YOUR GOAL:
Word for word, restate the records that follow.

MATERIAL FOR THIS TASK:

——————————

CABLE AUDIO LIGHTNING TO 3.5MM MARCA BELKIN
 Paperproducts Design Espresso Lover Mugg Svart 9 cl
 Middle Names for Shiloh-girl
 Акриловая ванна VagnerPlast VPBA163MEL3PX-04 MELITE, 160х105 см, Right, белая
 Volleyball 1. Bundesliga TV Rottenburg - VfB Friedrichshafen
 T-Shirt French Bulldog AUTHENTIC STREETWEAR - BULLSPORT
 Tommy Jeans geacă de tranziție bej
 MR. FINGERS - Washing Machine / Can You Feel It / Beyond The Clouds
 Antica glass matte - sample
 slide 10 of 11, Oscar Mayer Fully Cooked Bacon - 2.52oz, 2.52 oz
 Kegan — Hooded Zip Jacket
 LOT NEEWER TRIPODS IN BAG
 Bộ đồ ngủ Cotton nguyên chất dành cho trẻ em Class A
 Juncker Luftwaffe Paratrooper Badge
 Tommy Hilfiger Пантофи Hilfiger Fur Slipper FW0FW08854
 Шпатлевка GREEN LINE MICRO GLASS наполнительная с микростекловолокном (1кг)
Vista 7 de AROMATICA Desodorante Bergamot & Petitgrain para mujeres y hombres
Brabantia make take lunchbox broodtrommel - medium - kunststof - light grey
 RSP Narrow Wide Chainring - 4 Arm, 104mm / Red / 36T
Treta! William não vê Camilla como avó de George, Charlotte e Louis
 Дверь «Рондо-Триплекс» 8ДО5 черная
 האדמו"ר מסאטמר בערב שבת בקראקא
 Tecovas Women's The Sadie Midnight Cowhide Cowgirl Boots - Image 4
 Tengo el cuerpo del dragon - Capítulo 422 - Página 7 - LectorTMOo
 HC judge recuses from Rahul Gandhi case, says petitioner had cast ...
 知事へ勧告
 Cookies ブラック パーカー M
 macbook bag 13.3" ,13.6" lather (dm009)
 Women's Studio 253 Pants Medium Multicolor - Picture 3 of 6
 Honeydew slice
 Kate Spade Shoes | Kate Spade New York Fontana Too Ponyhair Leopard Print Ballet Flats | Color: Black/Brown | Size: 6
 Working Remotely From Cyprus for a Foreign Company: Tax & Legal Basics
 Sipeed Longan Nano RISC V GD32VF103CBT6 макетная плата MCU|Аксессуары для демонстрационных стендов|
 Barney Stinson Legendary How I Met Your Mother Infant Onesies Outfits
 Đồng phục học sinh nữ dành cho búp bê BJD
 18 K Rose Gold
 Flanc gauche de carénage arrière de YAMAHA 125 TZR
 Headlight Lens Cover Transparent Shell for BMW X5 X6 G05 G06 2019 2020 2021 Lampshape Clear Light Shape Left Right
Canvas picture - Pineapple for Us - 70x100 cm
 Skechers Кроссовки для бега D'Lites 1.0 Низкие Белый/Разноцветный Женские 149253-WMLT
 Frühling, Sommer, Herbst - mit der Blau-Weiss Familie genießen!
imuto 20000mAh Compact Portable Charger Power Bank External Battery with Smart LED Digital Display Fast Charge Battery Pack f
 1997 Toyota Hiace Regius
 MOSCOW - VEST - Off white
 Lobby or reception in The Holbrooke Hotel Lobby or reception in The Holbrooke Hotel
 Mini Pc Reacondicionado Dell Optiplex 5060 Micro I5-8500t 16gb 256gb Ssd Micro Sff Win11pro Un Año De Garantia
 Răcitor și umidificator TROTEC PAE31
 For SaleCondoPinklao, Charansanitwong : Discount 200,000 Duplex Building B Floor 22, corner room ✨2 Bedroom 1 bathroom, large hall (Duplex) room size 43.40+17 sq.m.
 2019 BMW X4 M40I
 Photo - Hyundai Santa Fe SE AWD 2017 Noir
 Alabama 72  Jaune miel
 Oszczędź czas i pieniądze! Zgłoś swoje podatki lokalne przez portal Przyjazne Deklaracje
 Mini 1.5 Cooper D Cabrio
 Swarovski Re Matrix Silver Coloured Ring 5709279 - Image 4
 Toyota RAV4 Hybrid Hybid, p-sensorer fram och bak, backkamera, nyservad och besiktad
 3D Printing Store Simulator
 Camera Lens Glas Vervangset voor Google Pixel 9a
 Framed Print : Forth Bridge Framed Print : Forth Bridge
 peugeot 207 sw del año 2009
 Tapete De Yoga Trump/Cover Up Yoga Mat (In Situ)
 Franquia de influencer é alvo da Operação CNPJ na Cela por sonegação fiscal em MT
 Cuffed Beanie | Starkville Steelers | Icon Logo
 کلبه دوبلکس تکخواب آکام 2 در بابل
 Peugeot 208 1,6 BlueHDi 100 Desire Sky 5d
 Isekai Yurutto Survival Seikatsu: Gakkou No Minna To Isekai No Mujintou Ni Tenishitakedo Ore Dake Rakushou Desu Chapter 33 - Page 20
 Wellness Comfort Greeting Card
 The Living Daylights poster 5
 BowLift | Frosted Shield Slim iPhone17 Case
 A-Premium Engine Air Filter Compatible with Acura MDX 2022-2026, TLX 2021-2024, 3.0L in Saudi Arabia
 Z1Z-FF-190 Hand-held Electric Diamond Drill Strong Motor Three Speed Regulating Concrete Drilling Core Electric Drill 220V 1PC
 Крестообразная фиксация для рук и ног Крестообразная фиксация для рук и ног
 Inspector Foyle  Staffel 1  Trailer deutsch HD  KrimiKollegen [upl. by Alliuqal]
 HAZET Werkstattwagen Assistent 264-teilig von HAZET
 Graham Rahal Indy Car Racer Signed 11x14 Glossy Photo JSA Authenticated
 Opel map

——————————

ANSWER SPACE:
CABLE AUDIO LIGHTNING TO 3.5MM MARCA BELKIN
 Paperproducts Design Espresso Lover Mugg Svart 9 cl
 Middle Names for Shiloh-girl
 Акриловая ванна VagnerPlast VPBA163MEL3PX-04 MELITE, 160х105 см, Right, белая
 Volleyball 1. Bundesliga TV Rottenburg - VfB Friedrichshafen
 T-Shirt French Bulldog AUTHENTIC STREETWEAR - BULLSPORT
 Tommy Jeans geacă de tranziție bej
 MR. FINGERS - Washing Machine / Can You Feel It / Beyond The Clouds
 Antica glass matte - sample
 slide 10 of 11, Oscar Mayer Fully Cooked Bacon - 2.52oz, 2.52 oz
 Kegan — Hooded Zip Jacket
 LOT NEEWER TRIPODS IN BAG
 Bộ đồ ngủ Cotton nguyên chất dành cho trẻ em Class A
 Juncker Luftwaffe Paratrooper Badge
 Tommy Hilfiger Пантофи Hilfiger Fur Slipper FW0FW08854
 Шпатлевка GREEN LINE MICRO GLASS наполнительная с микростекловолокном (1кг)
Vista 7 de AROMATICA Desodorante Bergamot & Petitgrain para mujeres y hombres
Brabantia make take lunchbox broodtrommel - medium - kunststof - light grey
 RSP Narrow Wide Chainring - 4 Arm, 104mm / Red / 36T
Treta! William não vê Camilla como avó de George, Charlotte e Louis
 Дверь «Рондо-Триплекс» 8ДО5 черная
 האדמו"ר מסאטמר בערב שבת בקראקא
 Tecovas Women's The Sadie Midnight Cowhide Cowgirl Boots - Image 4
 Tengo el cuerpo del dragon - Capítulo 422 - Página 7 - LectorTMOo
 HC judge recuses from Rahul Gandhi case, says petitioner had cast ...
 知事へ勧告
 Cookies ブラック パーカー M
 macbook bag 13.3" ,13.6" lather (dm009)
 Women's Studio 253 Pants Medium Multicolor - Picture 3 of 6
 Honeydew slice
 Kate Spade Shoes | Kate Spade New York Fontana Too Ponyhair Leopard Print Ballet Flats | Color: Black/Brown | Size: 6
 Working Remotely From Cyprus for a Foreign Company: Tax & Legal Basics
 Sipeed Longan Nano RISC V GD32VF103CBT6 макетная плата MCU|Аксессуары для демонстрационных стендов|
 Barney Stinson Legendary How I Met Your Mother Infant Onesies Outfits
 Đồng phục học sinh nữ dành cho búp bê BJD
 18 K Rose Gold
 Flanc gauche de carénage arrière de YAMAHA 125 TZR
 Headlight Lens Cover Transparent Shell for BMW X5 X6 G05 G06 2019 2020 2021 Lampshape Clear Light Shape Left Right
Canvas picture - Pineapple for Us - 70x100 cm
 Skechers Кроссовки для бега D'Lites 1.0 Низкие Белый/Разноцветный Женские 149253-WMLT
 Frühling, Sommer, Herbst - mit der Blau-Weiss Familie genießen!
imuto 20000mAh Compact Portable Charger Power Bank External Battery with Smart LED Digital Display Fast Charge Battery Pack f
 1997 Toyota Hiace Regius
 MOSCOW - VEST - Off white
 Lobby or reception in The Holbrooke Hotel Lobby or reception in The Holbrooke Hotel
 Mini Pc Reacondicionado Dell Optiplex 5060 Micro I5-8500t 16gb 256gb Ssd Micro Sff Win11pro Un Año De Garantia
 Răcitor și umidificator TROTEC PAE31
 For SaleCondoPinklao, Charansanitwong : Discount 200,000 Duplex Building B Floor 22, corner room ✨2 Bedroom 1 bathroom, large hall (Duplex) room size 43.40+17 sq.m.
 2019 BMW X4 M40I
 Photo - Hyundai Santa Fe SE AWD 2017 Noir
 Alabama 72  Jaune miel
 Oszczędź czas i pieniądze! Zgłoś swoje podatki lokalne przez portal Przyjazne Deklaracje
 Mini 1.5 Cooper D Cabrio
 Swarovski Re Matrix Silver Coloured Ring 5709279 - Image 4
 Toyota RAV4 Hybrid Hybid, p-sensorer fram och bak, backkamera, nyservad och besiktad
 3D Printing Store Simulator
 Camera Lens Glas Vervangset voor Google Pixel 9a
 Framed Print : Forth Bridge Framed Print : Forth Bridge
 peugeot 207 sw del año 2009
 Tapete De Yoga Trump/Cover Up Yoga Mat (In Situ)
 Franquia de influencer é alvo da Operação CNPJ na Cela por sonegação fiscal em MT
 Cuffed Beanie | Starkville Steelers | Icon Logo
 کلبه دوبلکس تکخواب آکام 2 در بابل
 Peugeot 208 1,6 BlueHDi 100 Desire Sky 5d
 Isekai Yurutto Survival Seikatsu: Gakkou No Minna To Isekai No Mujintou Ni Tenishitakedo Ore Dake Rakushou Desu Chapter 33 - Page 20
 Wellness Comfort Greeting Card
 The Living Daylights poster 5
 BowLift | Frosted Shield Slim iPhone17 Case
 A-Premium Engine Air Filter Compatible with Acura MDX 2022-2026, TLX 2021-2024, 3.0L in Saudi Arabia
 Z1Z-FF-190 Hand-held Electric Diamond Drill Strong Motor Three Speed Regulating Concrete Drilling Core Electric Drill 220V 1PC
 Крестообразная фиксация для рук и ног Крестообразная фиксация для рук и ног
 Inspector Foyle  Staffel 1  Trailer deutsch HD  KrimiKollegen [upl. by Alliuqal]
 HAZET Werkstattwagen Assistent 264-teilig von HAZET
 Graham Rahal Indy Car Racer Signed 11x14 Glossy Photo JSA Authenticated
 Opel map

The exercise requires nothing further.